→ Work instruction:
Up to and including the line bearing "Obudowa Filtra Powietrza", output every line of the entries exactly as written, starting from the first; pictures stay out.

→ Captioned web images:
====

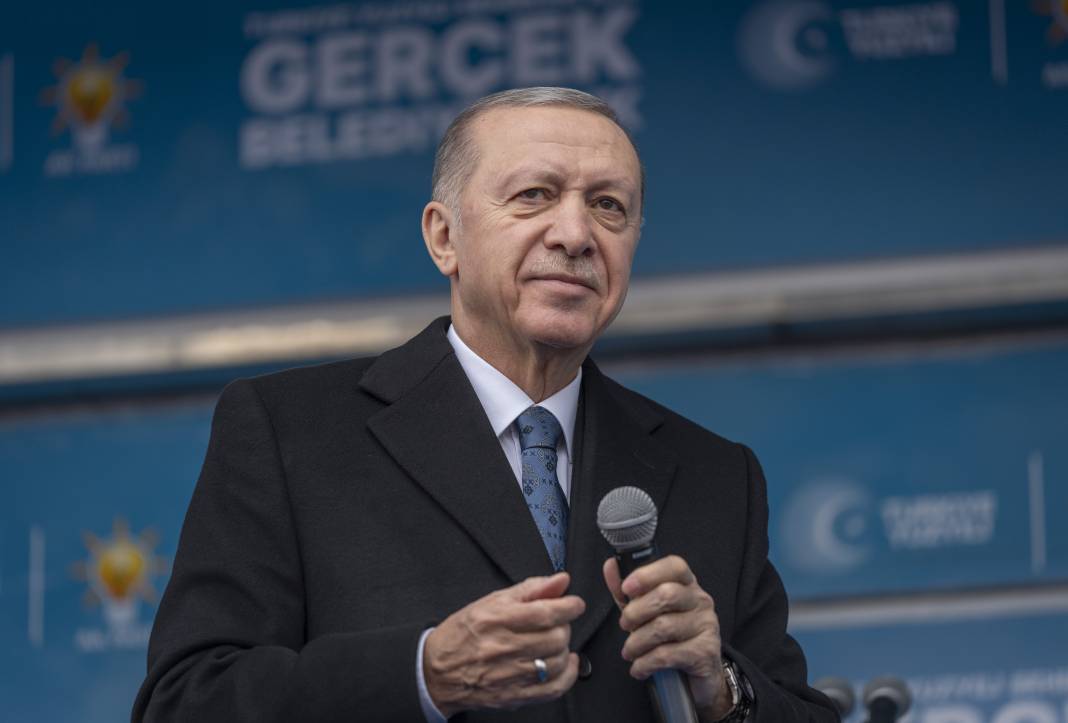 Erdoğan 3.kez cumhurbaşkanı aday olabilir mi? Eski adalet bakanından dikkat çeken açıklama 4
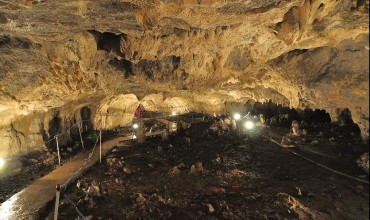 Peștera Muierii, minunea din maruntaiele Parângului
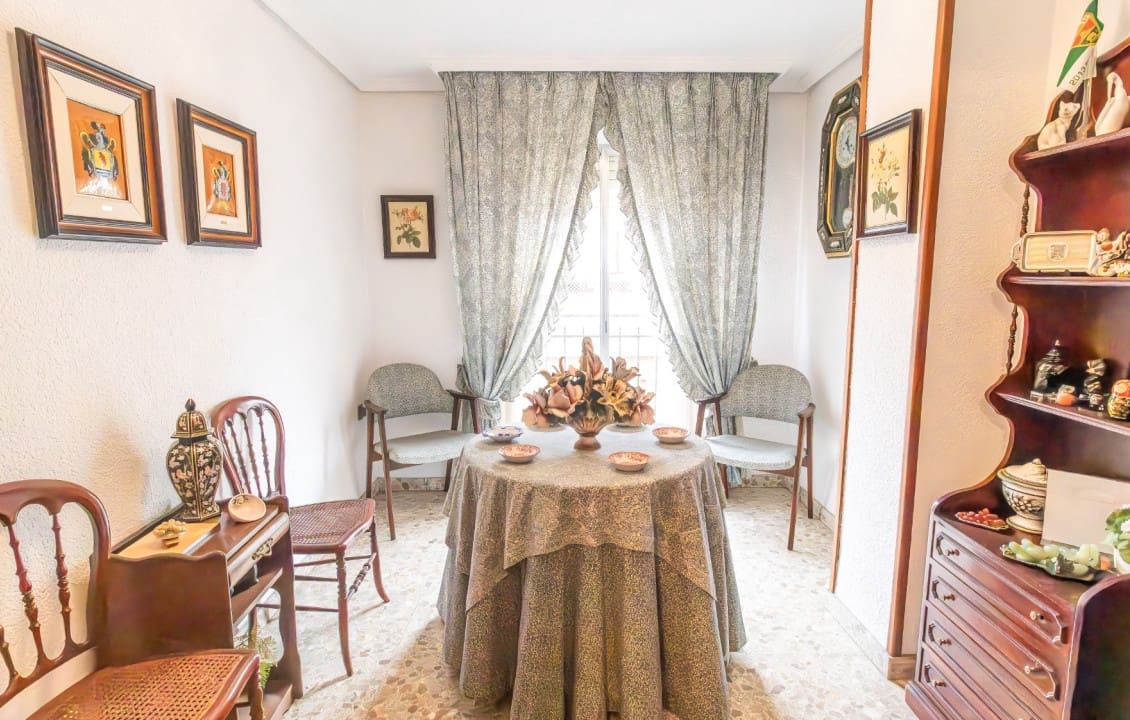 8 bedroom Apartment for sale in Elche / Elx - € 399,000 (Ref: 9687360)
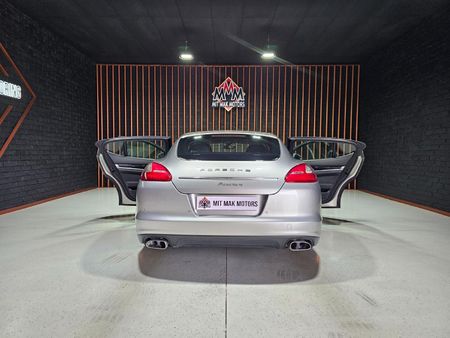 2012-Porsche-Panamera-Diesel-Auto_24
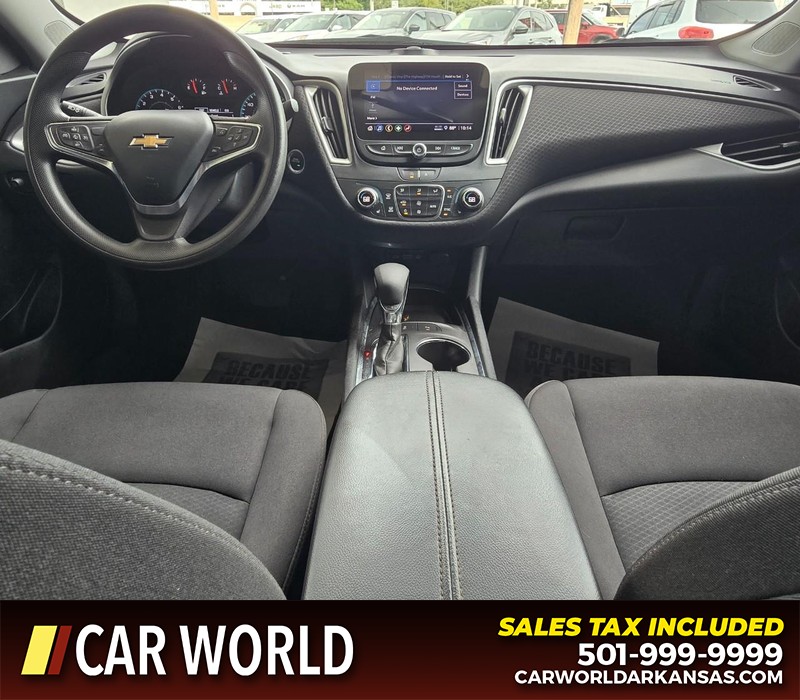 Chevrolet Malibu Vehicle Full-screen Gallery Image 18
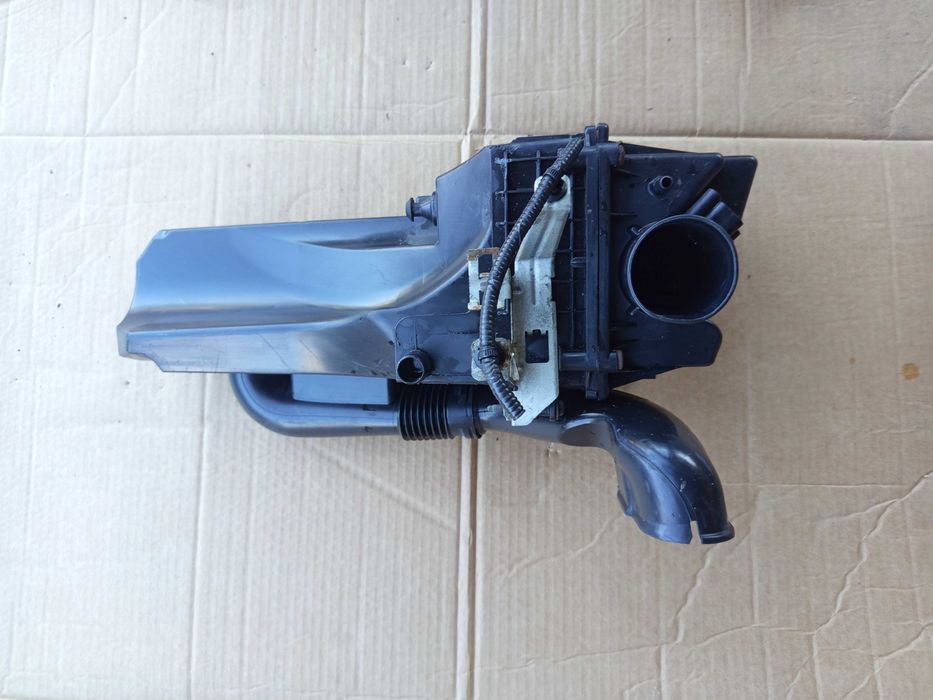 Obudowa Filtra Powietrza Ford Fiesta Mk7 1.4 1.6 TDCI AV21-9600-AA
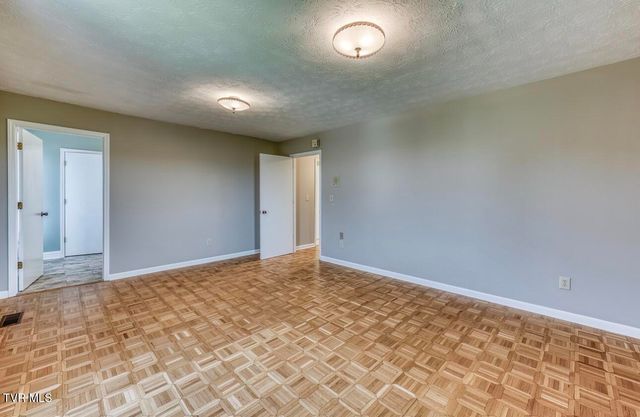 146 Central Drive, Johnson City, TN 37601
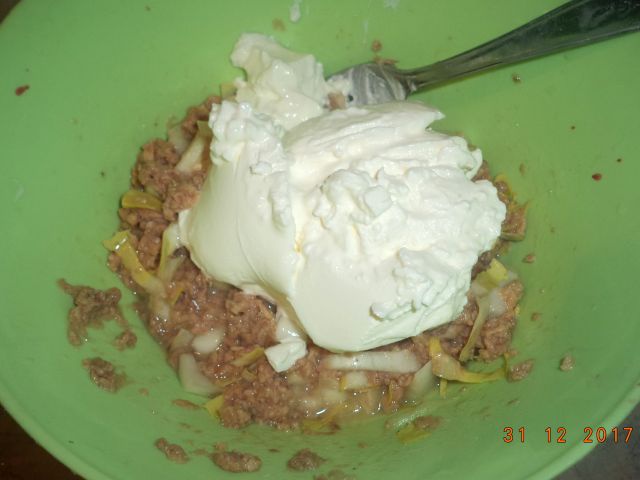 Barcute de andive umplute cu salata exotica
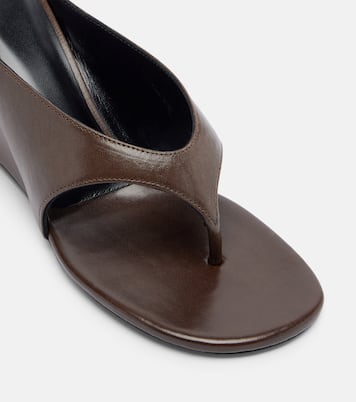 Yaga leather wedge thong sandals | JUDE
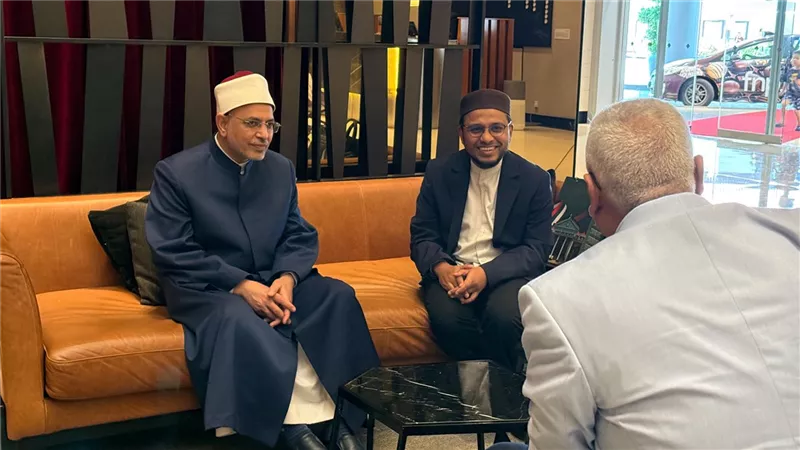 رئيس جامعة الأزهر يشارك باللجنة الاستشارية لإنشاء الجامعة الإسلامية بسنغافورة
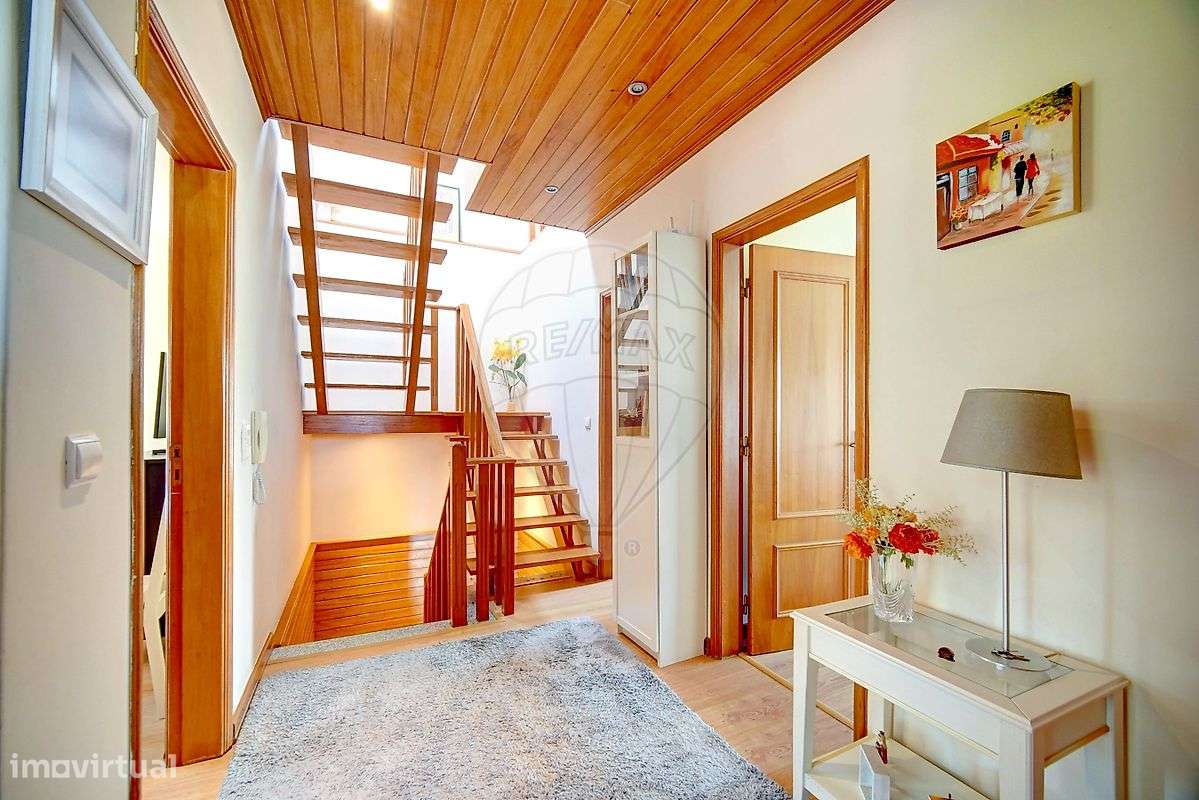 Moradia T4 para venda-25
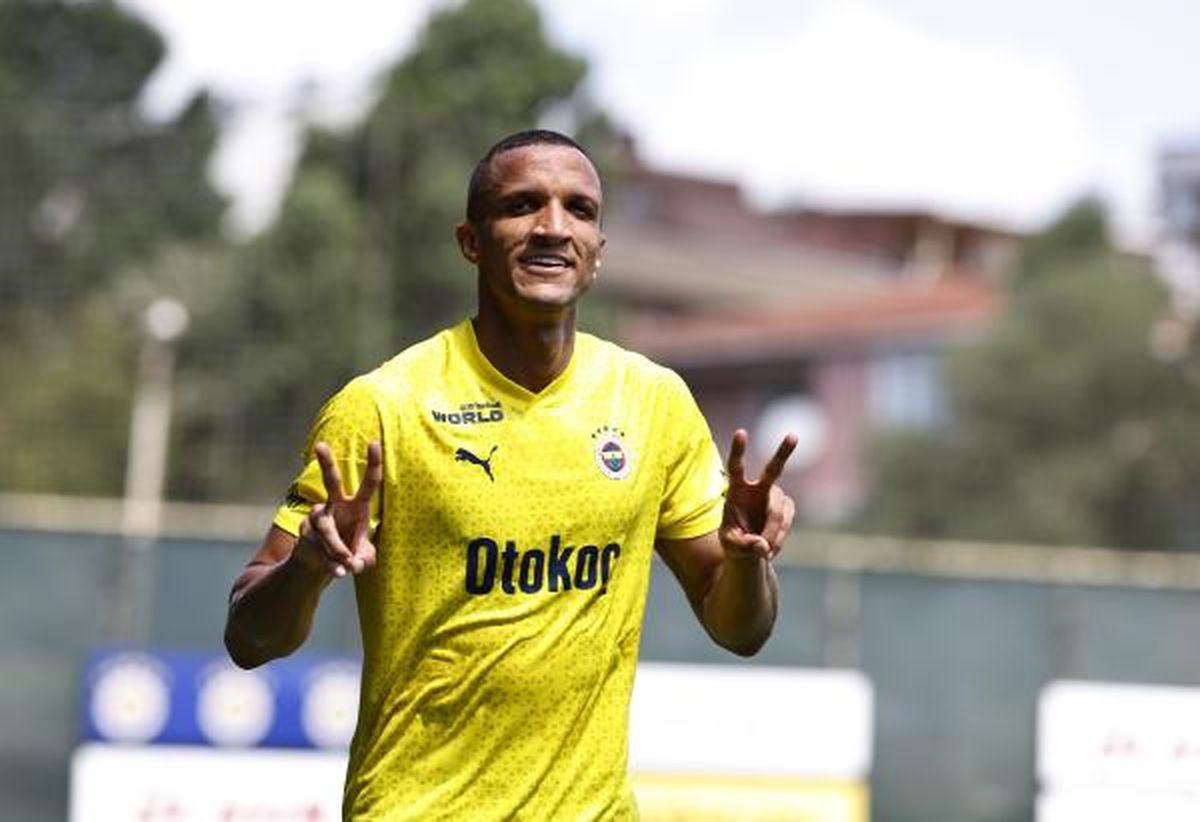 Fenerbahçe\'nin yeni transferi Rodrigo Becao ilk antrenmanına çıktı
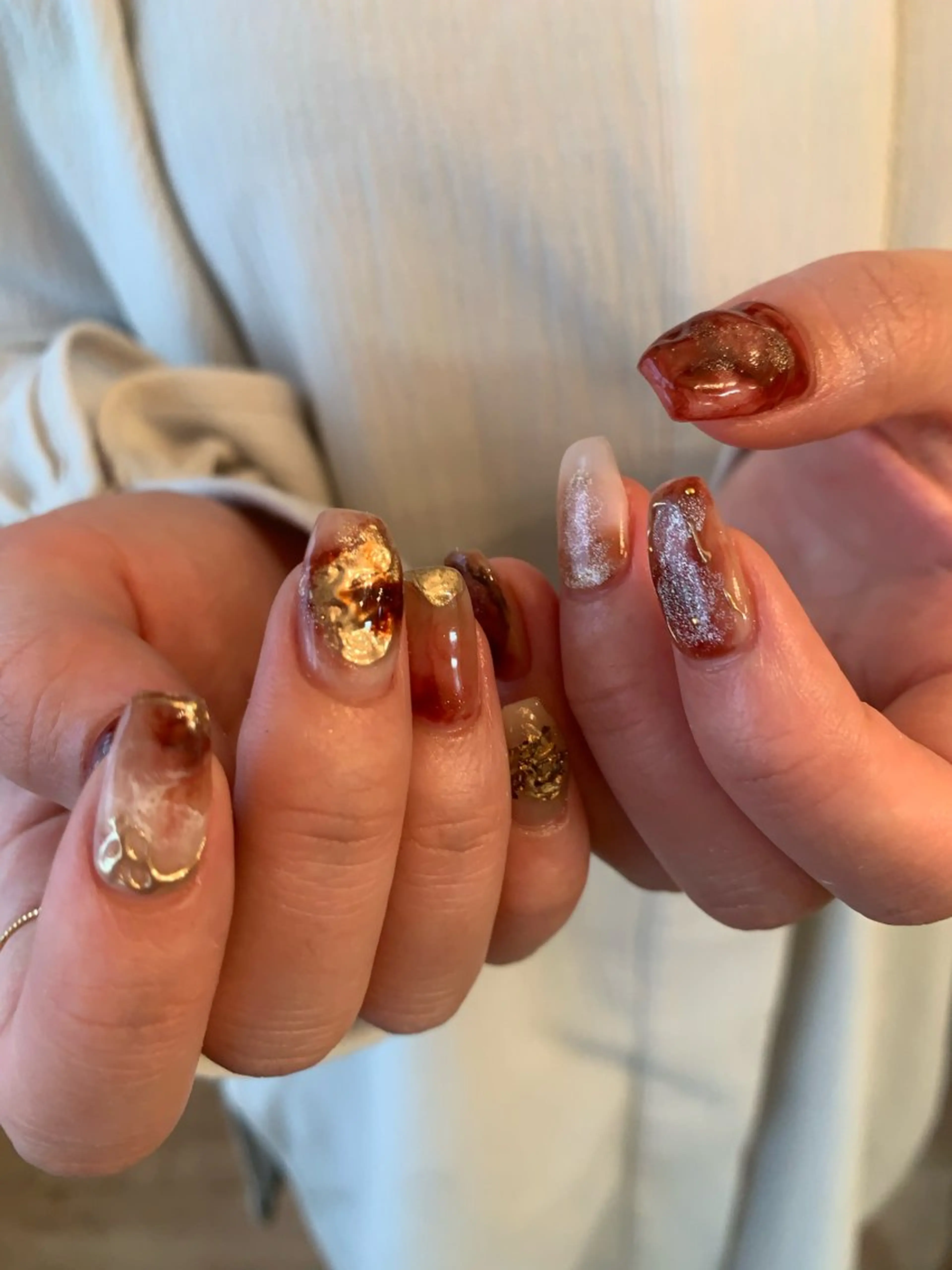 ネイル ボルドー ブラウン キラキラネイル ニュアンスネイル tamami _表参道／原宿のネイルデザイン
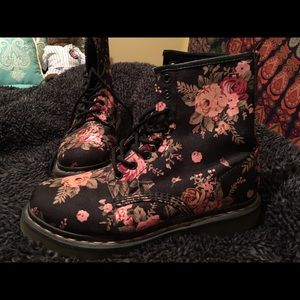 Vintage floral DR. Martens
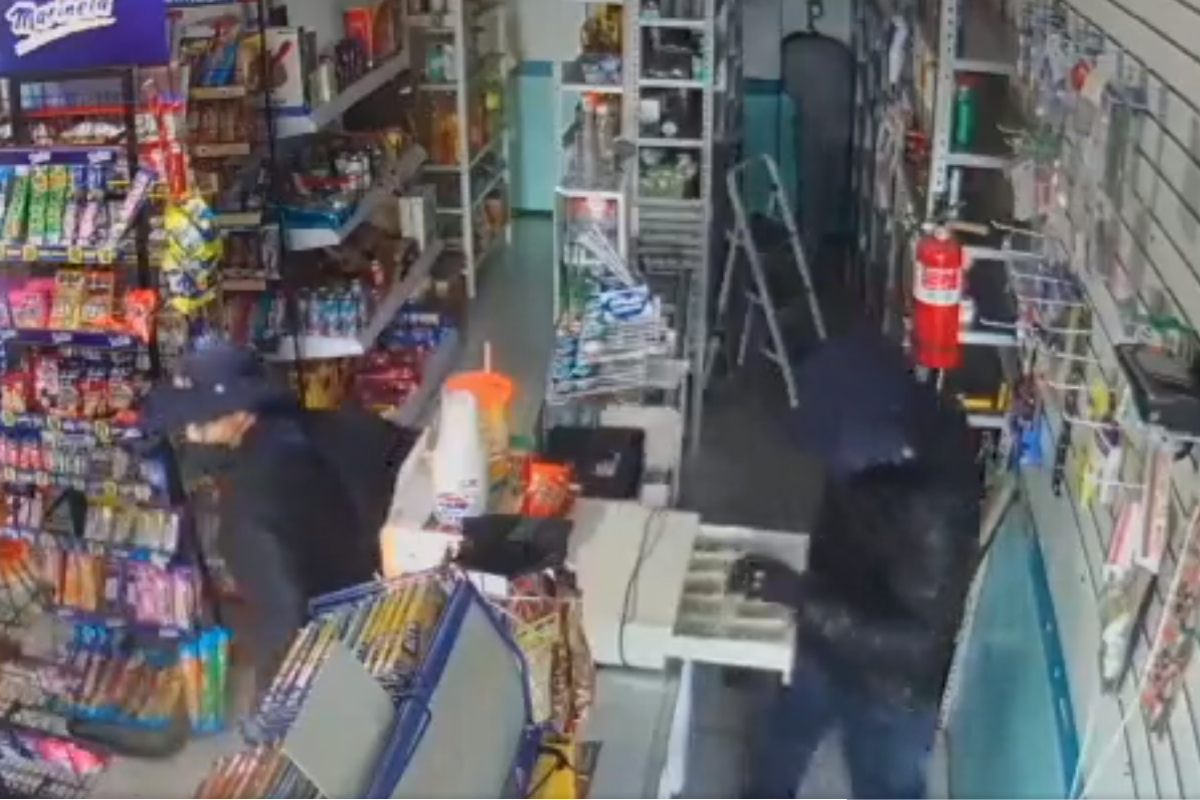 Captan asalto al interior de tienda, en Hidalgo.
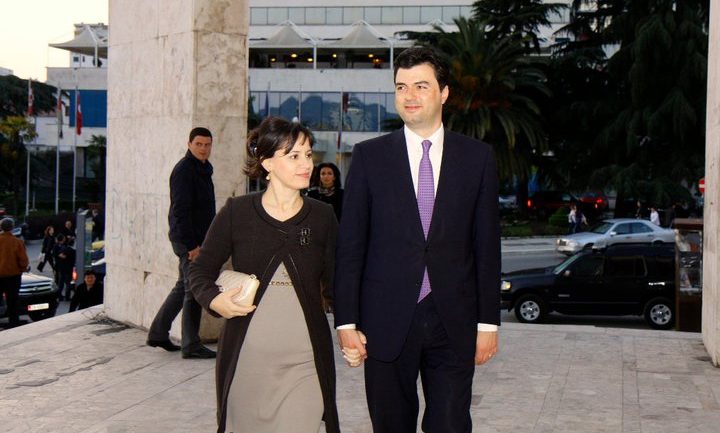 “Bashkëshortja ime e ka kaluar COVID”, Basha: Unë dhe vajzat jemi mirë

====

→ Solution:
 Erdoğan 3.kez cumhurbaşkanı aday olabilir mi? Eski adalet bakanından dikkat çeken açıklama 4
 Peștera Muierii, minunea din maruntaiele Parângului
 8 bedroom Apartment for sale in Elche / Elx - € 399,000 (Ref: 9687360)
 2012-Porsche-Panamera-Diesel-Auto_24
 Chevrolet Malibu Vehicle Full-screen Gallery Image 18
 Obudowa Filtra Powietrza Ford Fiesta Mk7 1.4 1.6 TDCI AV21-9600-AA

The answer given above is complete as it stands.